This is not a trivial decision, as our entire exercise will attempt to maximize the probability of correctly identifying securities with this characteristic.

As our goal is to find those securities which provide the most protection during equity market routs but bleed the least during equity market rallies, we chose a metric that scored how closely a stock’s return reflected the payoff of a call option on the S&P 500 over the next 63 trading days (approximately 3 months).

In other words, if the S&P 500 is positive over the next 63 trading days, the score of a security is equal to the squared difference between its return and the S&P 500’s return. If the market’s return is negative, the score of a security is simply its squared return.

To determine whether this metric reflects the type of profile we want, we can create a long/short portfolio. Each month we rank securities by their scores and select the quintile with the lowest scores. Securities are then weighted by their market capitalization. Securities are held for three months and the portfolio is implemented with three tranches. The short leg of the portfolio is the market rather than the highest quintile, as we are explicitly trying to identify defense against the market.

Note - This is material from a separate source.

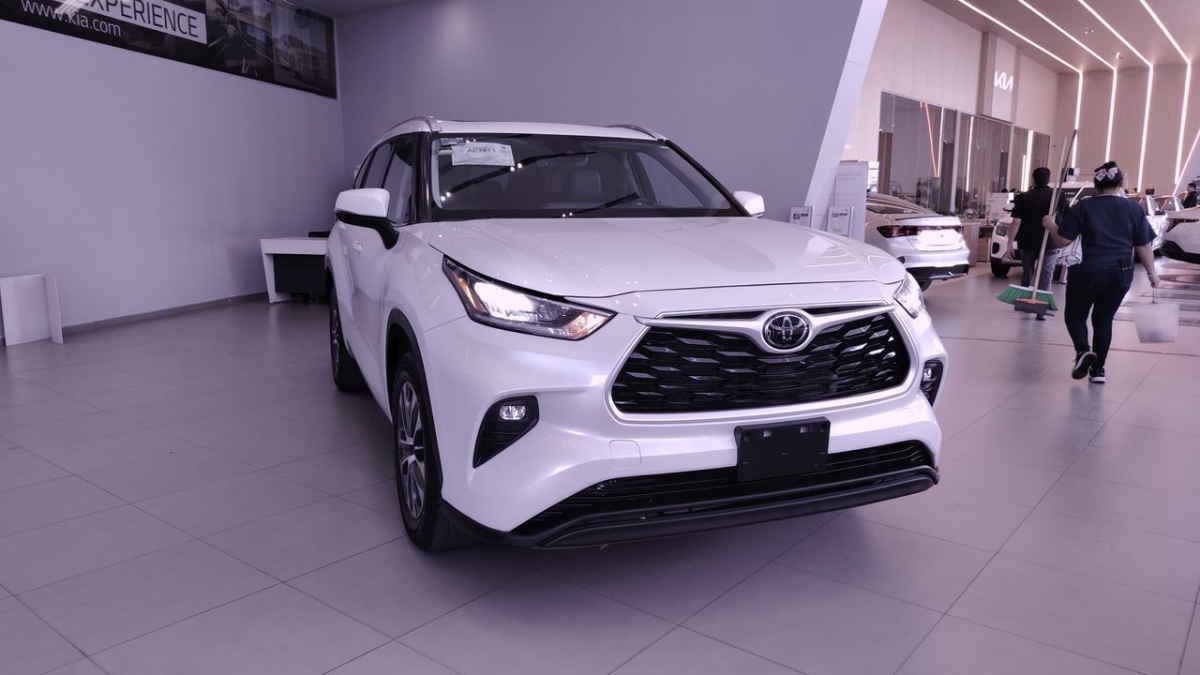 2022 Toyota Highlander 5p XLE V6/3.5 Aut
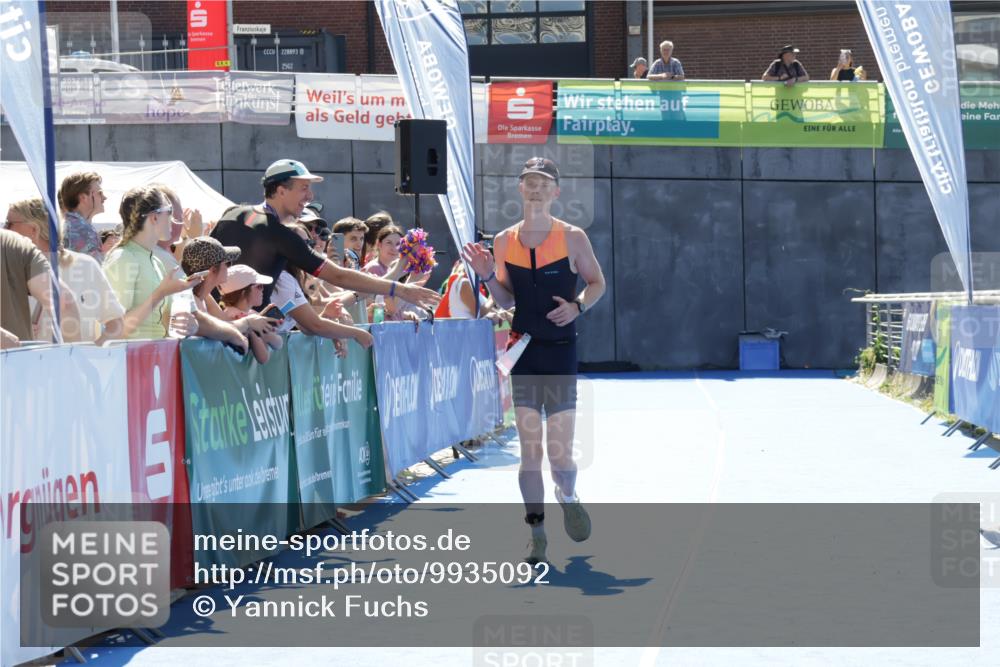 09.08.2026 - GEWOBA Citytriathlon Bremen Yannick Fuchs http://msf.ph/oto/9935092 09.08.2026 14:46:46 Ziel 605 meine-sportfotos.de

To create a scalable solution, we restrict our investable universe to those in the top 1,000 securities by market capitalization.

We plot the performance below.

Source: Sharadar Fundamentals. Calculations by Newfound Research. Returns are hypothetical and backtested. Returns are gross of all fees including, but not limited to, management fees, transaction fees, and taxes. Returns assume the reinvestment of all distributions.

We can see that the strategy is relatively flat during bull markets (1998-2000, 2003-2007, 2011-2015, 2016-2018), but rallies during bear markets and sudden market shocks (2000-2003, 2008, 2011, 2015/2016, Q4 2018, and 2020).

Interestingly, despite having no sector constraints and not explicitly targeting tracking error at the portfolio level, the resulting portfolio ends up well diversified across sectors, though it does appear to make significant short-term jumps in sector weights. We can also see an increasing tilt towards Technology over the last 3 years in the portfolio. In recent months, positions in Financials and Industrials have been almost outright eliminated.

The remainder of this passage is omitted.